October 25, 2022
10 minutes read
Technology Solution Delivery

Your Guide to Using OneTrust for CPRA Compliance in 2023

Just when you think you have a handle on data privacy standards, new regulations come along. A slate of new data privacy laws and regulatory updates go into effect in 2023: the Virginia Consumer Data Protection Act, the California Privacy Rights Act (part of the California Consumer Privacy Act, or CCPA), and the Colorado Privacy Act. The California Privacy Rights Act (CPRA) is particularly significant. It expands the scope of what’s considered protected data and whose data is covered, requires more companies to comply, and mandates the creation of a privacy enforcement agency to hold companies accountable for being compliant. 

To get prepared, companies need to map and categorize data and determine the sensitivity of that data. They also have to create processes that allow people to opt-out from tracking and request that their data be deleted or changed. Software eases some of the burdens of implementing these protocols, and many companies choose OneTrust to ensure compliance. If you’re planning your approach to CPRA compliance, OneTrust is probably on your list of items to consider. Here’s what you need to know to use it effectively and ensure implementation runs smoothly. 

What Is OneTrust?

OneTrust is the most widely used data compliance solution on the market. Through a cloud-based platform, OneTrust provides end-to-end privacy management, data governance, and IT risk management solutions.

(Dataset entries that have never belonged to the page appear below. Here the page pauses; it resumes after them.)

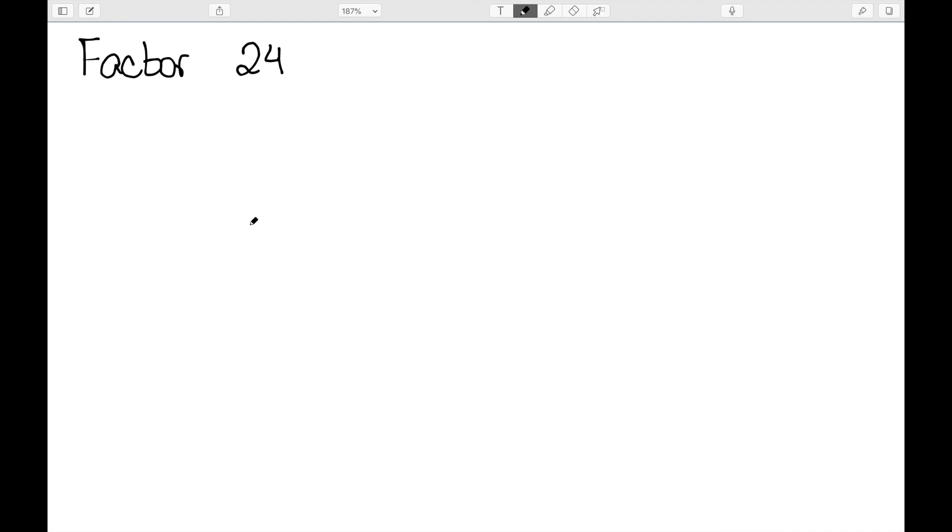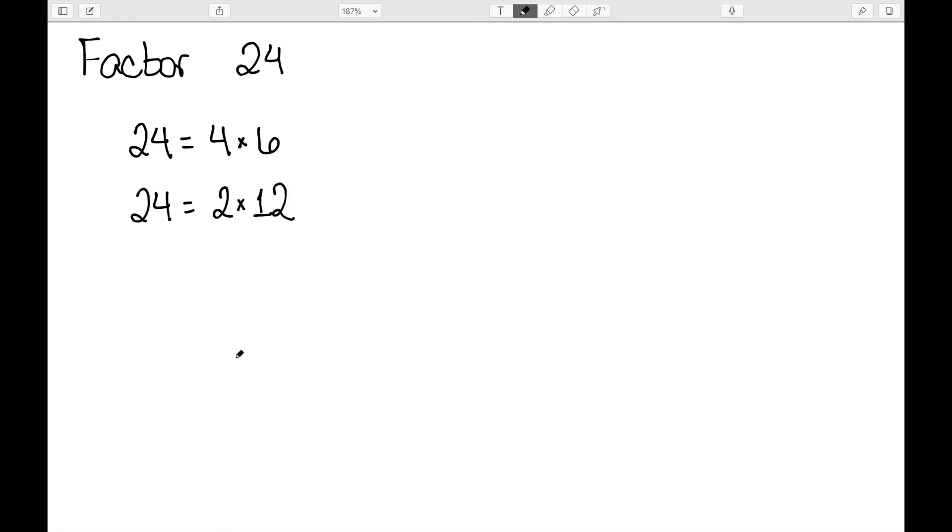We could say something like factor 24, which means write 24 as a product. So we could write 24 as 4 times 6. However, this is absolutely not unique. I could also write it as 2 times 12. Or 4 times 3 times 2. So we can factor a number by writing it as a product, but it is not necessarily a unique way to factor.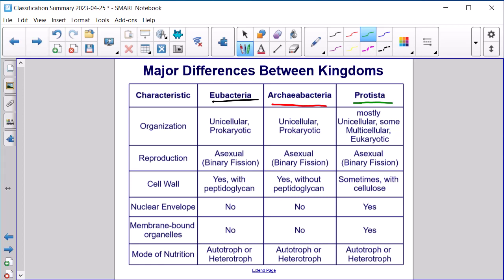Protista is the first kingdom underneath the domain Eukarya or Eukaryota. These organisms are mostly unicellular, some multicellular, and eukaryotic. They reproduce asexually, sometimes have a cell wall with cellulose, and do have a nuclear envelope and membrane-bound organelles. They can be autotrophic or heterotrophic.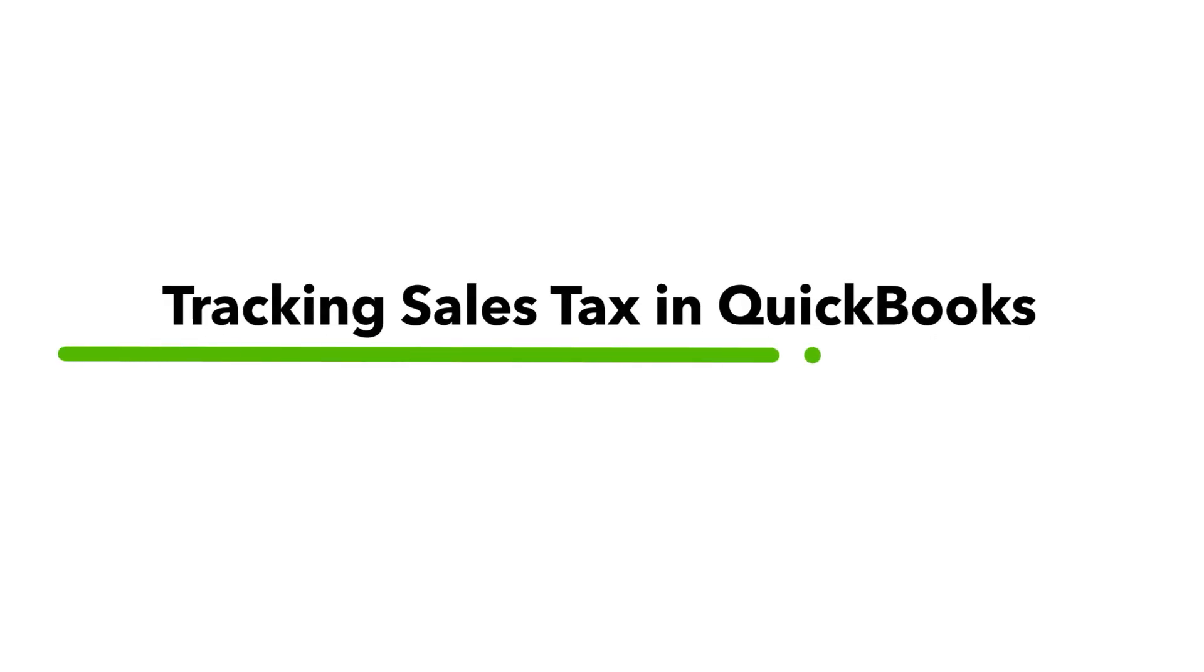In this video, you are shown how QuickBooks can automatically track your sales through the tax feature.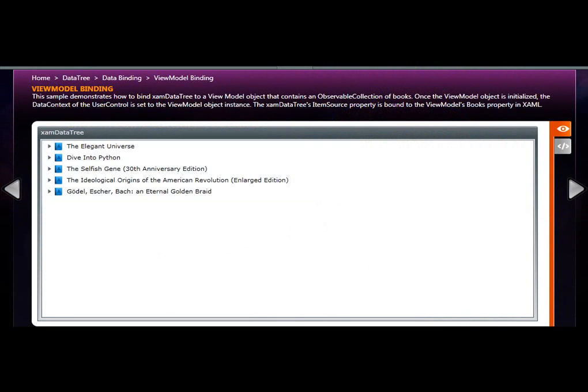The XAM data tree control, part of the Infragistics NetAdvantage Silverlight line of business control set, allows you to have a tree which can be used for navigation, file system browsing, or pretty much any other scenario where you can think of to organize and display data.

It’s one of the fastest-growing cloud platforms, with more than 12,000 users. 

Why Should You Use OneTrust?

OneTrust offers an unmatched breadth of “trust intelligence” solutions that go beyond data protection and privacy. It also supports environmental, social, and governance (ESG) reporting, sustainability monitoring, and ethics and inclusion program management. As data privacy and protection requirements evolve, OneTrust allows you to scale your processes. 

OneTrust’s popularity also means that it’s been tested more than similar solutions. Because the data privacy space is new, there are many young, unproven players. OneTrust is already widely trusted by thousands of companies, many of which are in highly regulated industries. 

With that being said, every solution has its pros and cons.


  • OneTrust is a comprehensive solution that covers all major data protection regulations, as well as provides support for other related compliance matters like SOX and HIPAA.
  • It allows you to centralize data protection and privacy functions in a single platform. 
  • The solution also provides guides to help users become more educated about data regulation and use the software more effectively.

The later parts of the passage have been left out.